Before: T. Ducharme J.
Reasons for Judgment
Section 11(b) Charter Application
[1] This is a s. 11(b) Charter of Rights application brought by the Applicant, Irina Gordon, alleging violation of her right to be tried within a reasonable time. She is charged in a nine count indictment with fraud, forged documents and fail to comply with a bail. The delay application was argued before me on December 2, 2016 and the trial is scheduled to start on January 9, 2017 and it is estimated that the trial will take four to six weeks and will finish by February 17, 2017. On January 3, 2017, I indicated that my ruling was that her rights under s. 11 (b) were not violated and I dismissed the s. 11 (b) application. These are my reasons for judgment on the Charter application.
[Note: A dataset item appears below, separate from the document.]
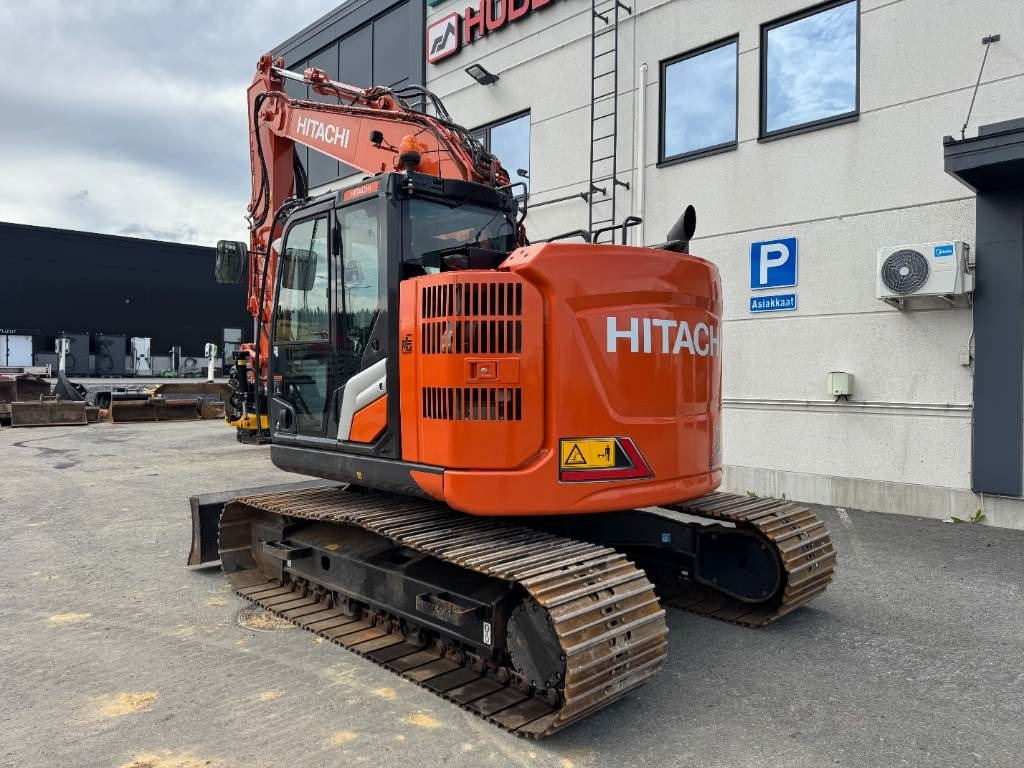 Hitachi ZX 135 USBL-7 - Гусеничный экскаватор: фото 3 Hitachi ZX 135 USBL-7 - Гусеничный экскаватор: фото 3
[2] The applicant, Ms. Gordon, was arrested on May 15, 2014. In its recent decision in R. v. Jordan, the majority of the Court repeatedly stated that the relevant time period runs from "the charge to the actual or anticipated end of trial." [1] Thus, the delay for Ms. Gordon to February 17, 2017 is 33 months and 3 days. This time exceeds the ceiling set in Jordan of "30 months from the charge to the actual or anticipated end of trial." However, the majority went on to hold that "delay attributable to the defence must be subtracted" and that this subtracted period includes both "delay waived by the defence" and "delays caused solely or directly by the defence's conduct." It is only then that it can be determined whether the case conforms to the guidelines set down in Jordan.
[3] When one looks at the total delay in this case, several things become clear: first, it took too long for the preliminary inquiry to commence. The preliminary inquiry did not start until September 24, 2015, almost seventeen months after the arrest of Ms. Gordon; second, the time required for the preliminary inquiry was dramatically overestimated by the defence. The preliminary inquiry was initially set for 5 days and Mr. Fox conceded committal on the second day, September 29, 2015.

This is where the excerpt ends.